I'm talking about wiping the wood clean before putting a finish on like lacquer or varnish. I have wiped the wood with a tack cloth, but it just doesn't have that "clean" feeling. So I have started wiping it down with MS before putting a finish on. I could be all alone on this one.


----------



## Woodnut65 (Oct 11, 2004)

Hi boxer: It kind of depends on what kind of wood, and what is going to be used to stain and finish it. A wood like teak has a lot of oit in it. Before gluing I use Acetone.
It is also used before the stain goes on. If an oil based stain is to be used, I use MS.
If I am going to use water based products for the stain and finish, I will use a cloth dampened with water. Woodnut65


----------



## boxer (Sep 15, 2004)

Thanks, Woodnut65
I use mostly exotic woods. I never use stain on them. Mother Nature already took care of that. Right now, I'm making a Wenge & Curly Maple jewelry box. Neither are oily. The only oily wood I've used is Cocobolo, and I used acetone on that.
Kevin


----------



## jerrymayfield (Sep 25, 2004)

MS wiped on before finish not only helps clean the surface but also shows how it will look with a clear topcoat.
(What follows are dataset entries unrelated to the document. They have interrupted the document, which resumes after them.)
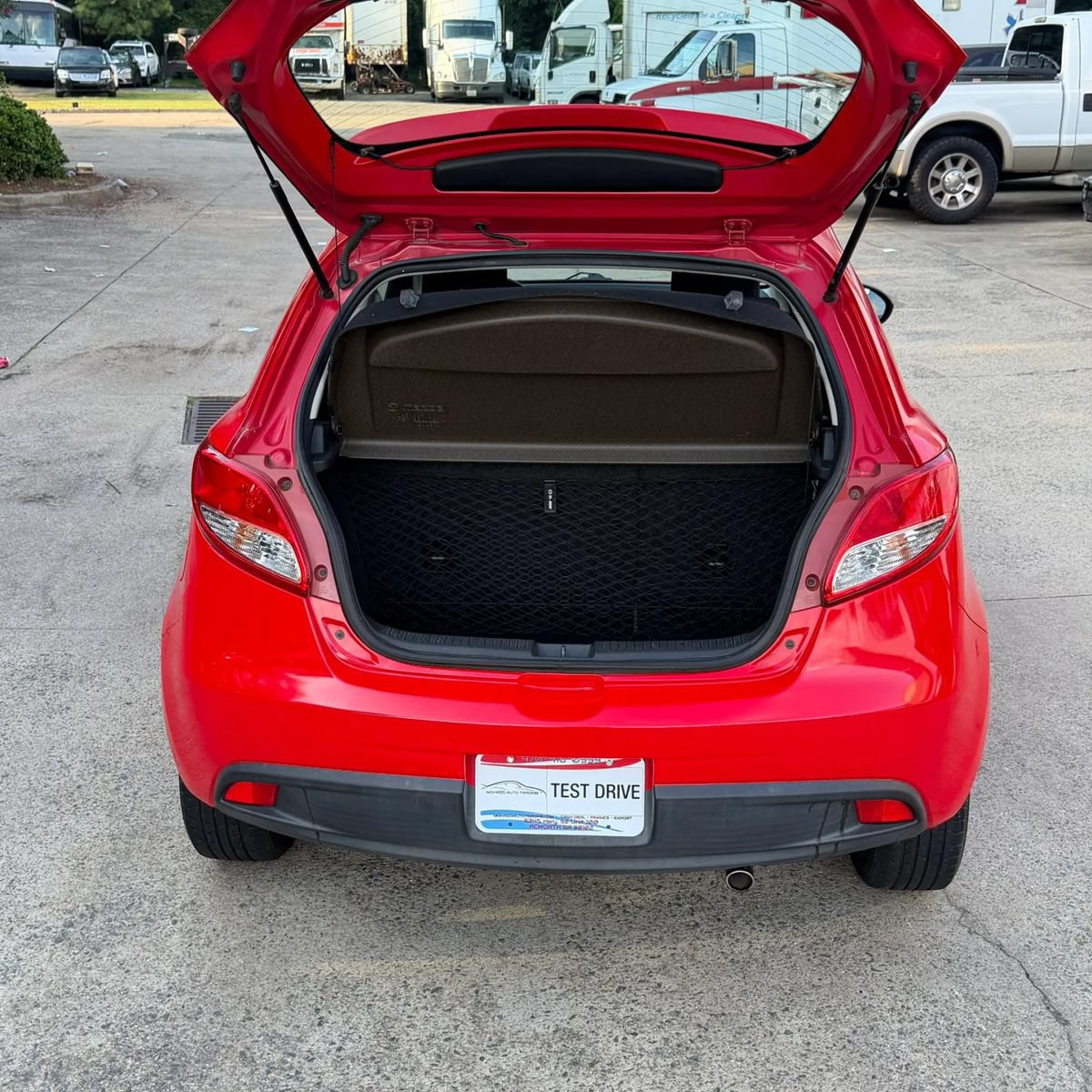 Used 2011 MAZDA MAZDA2 Touring FWD image 30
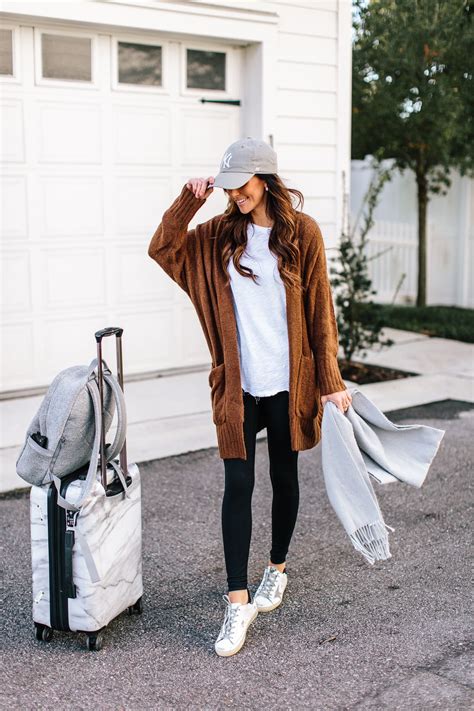 Cute And Comfy Travel Outfits Hana Scholl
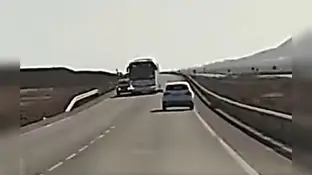 La peligrosa maniobra de una guagua en Lanzarote La peligrosa maniobra de una guagua en Lanzarote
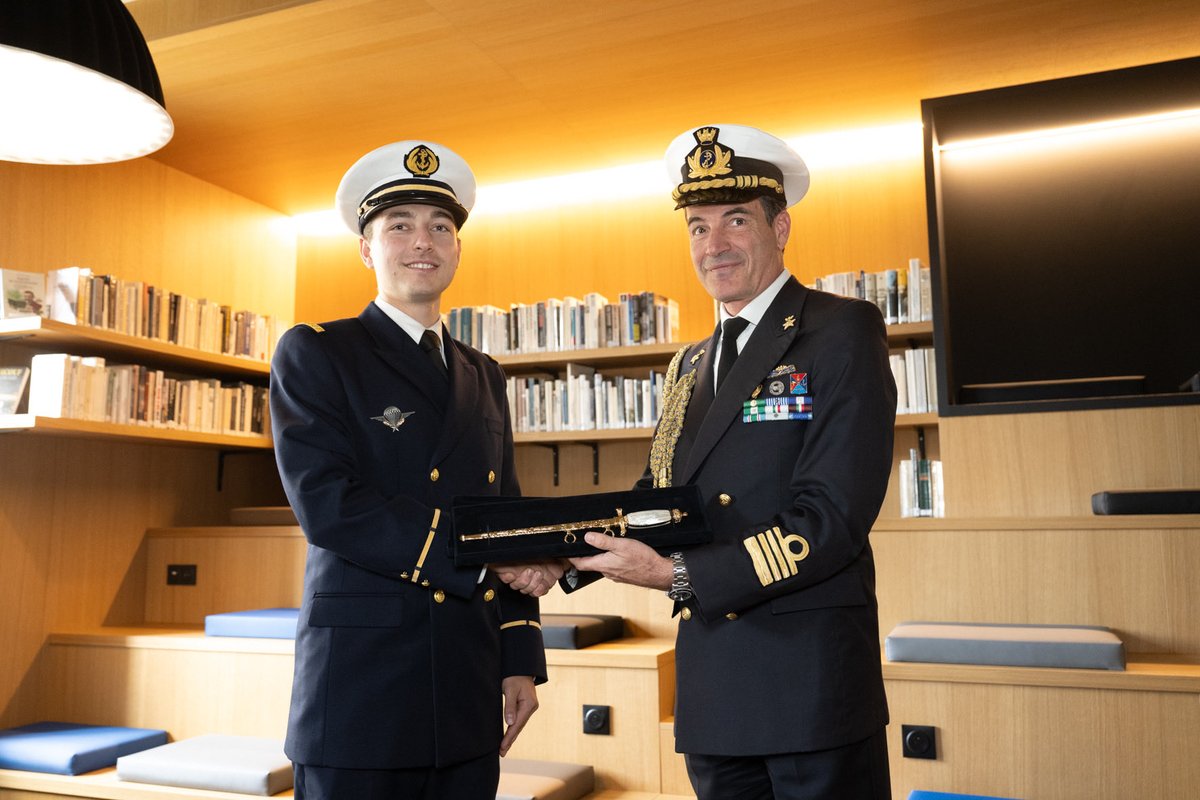 Ecole_navale's tweet photo. Mardi 16 octobre, l’École navale a reçu 20 attachés Défense étrangers dans le cadre d’un séminaire organisé par le Bureau des Relations Internationales de l’État-major de la Marine. Ce fut l’occasion pour l’attaché Défense italien de remettre un poignard à l’aspirant Alexandre. https://t.co/iGmIPMmgsZ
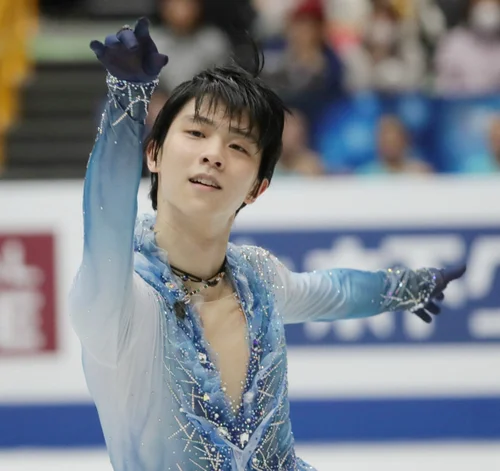 羽生結弦 フィギュアスケート海外プログラムなど豪華9点セット 首位発進の羽生結弦、光った三つのスピン 全てが最高のレベル4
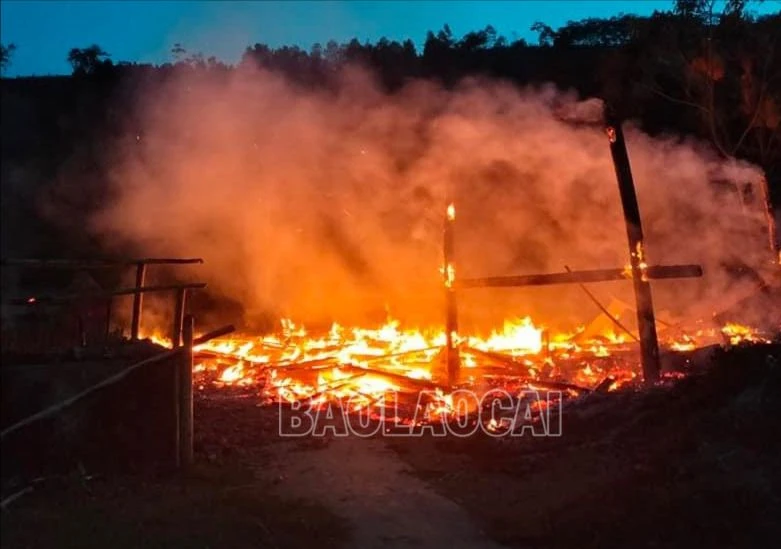 Ngôi nhà sàn 4 gian của gia đình anh Nguyễn Văn Hượng bị thiêu rụi hoàn toàn.jpg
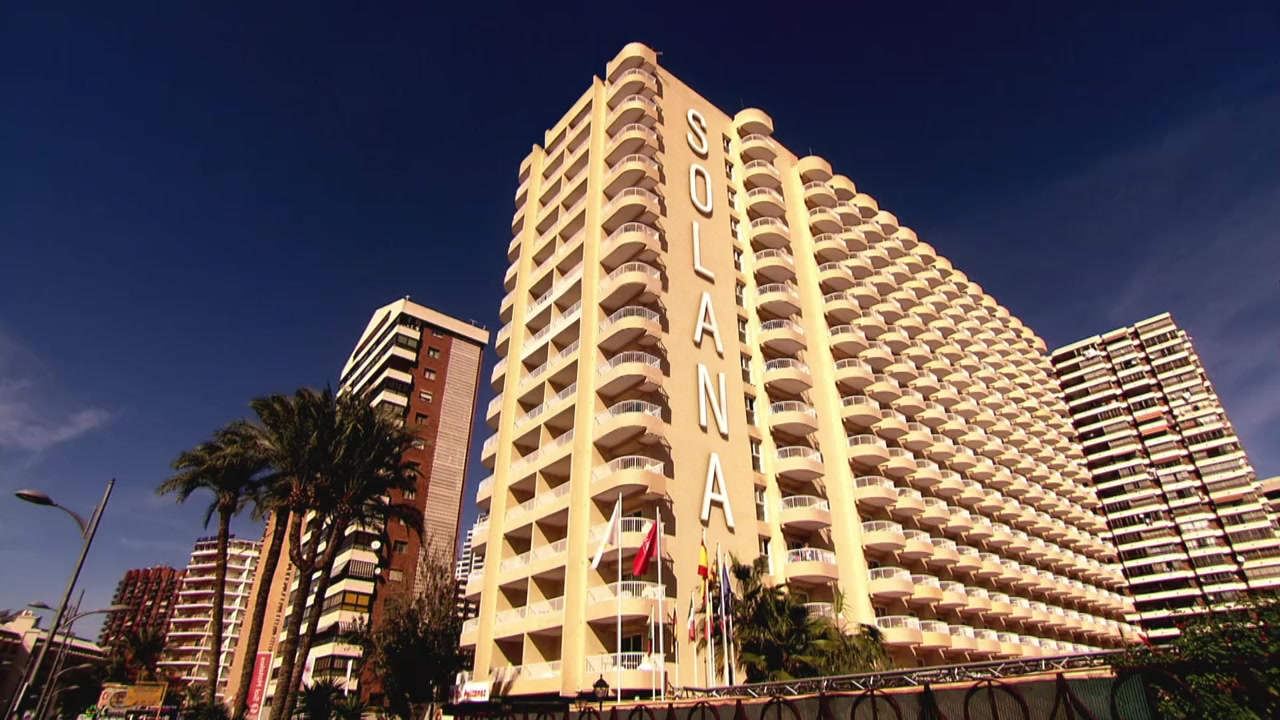 Benidorm: 10 Years on Holiday screenshot 2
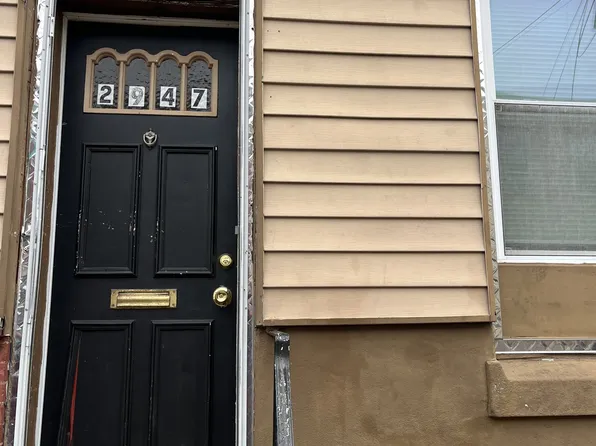 2947 Kip St, Philadelphia, PA 19134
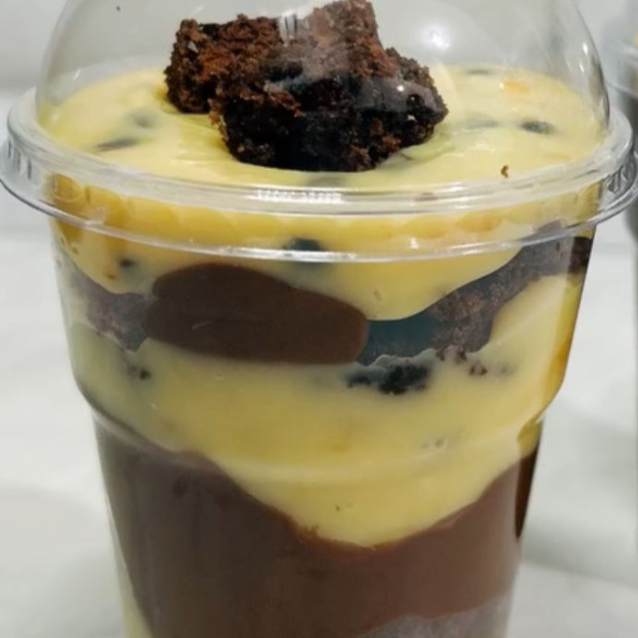 A combinação perfeita para quem não abre mão de qualidade. Montado em camadas para você sentir todos os sabores em cada colherada! O que vem no copo: * Brigadeiro cremoso de maracujá (da fruta); * Brigadeiro 50% chocolate; * Brownie em cubos; * Finalizado com mais brigadeiro de maracujá e brownie. Ideal para dividir (ou não!).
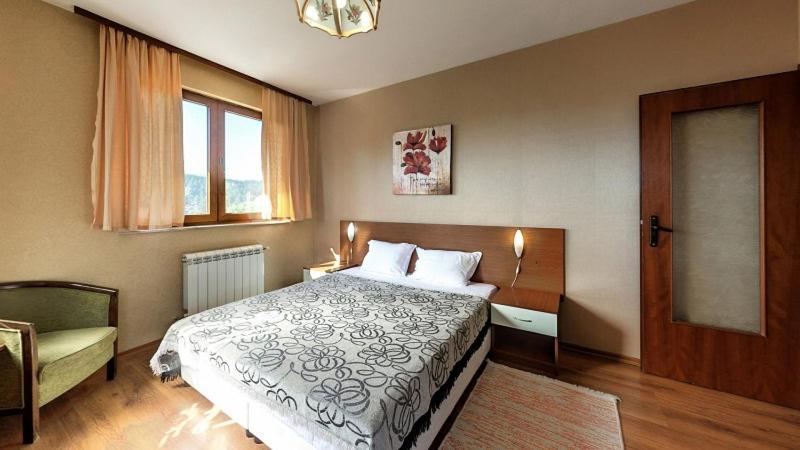 בנקיה Family Hotel Emaly 1 מראה חיצוני תמונה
It also highlights any glue spots that haven't been completly removed(that doesn't happen to any of us). None of the finishers or woodworkers I know use tack cloths any longer. They are just dirt and dust magnets that we save in order to spread on a new project. I use ms,alcohol,naptha or what ever is handy,but never acetone. If you really want to glue oily wood, sand with a higher grit just before gluing,more effective than using acetone.
Regards
Jerry


----------



## boxer (Sep 15, 2004)

Thanks, Jerry. I'll give that a try the next time I use Cocobolo. Being as pricey as it is, I don't use it that often.
Kevin


----------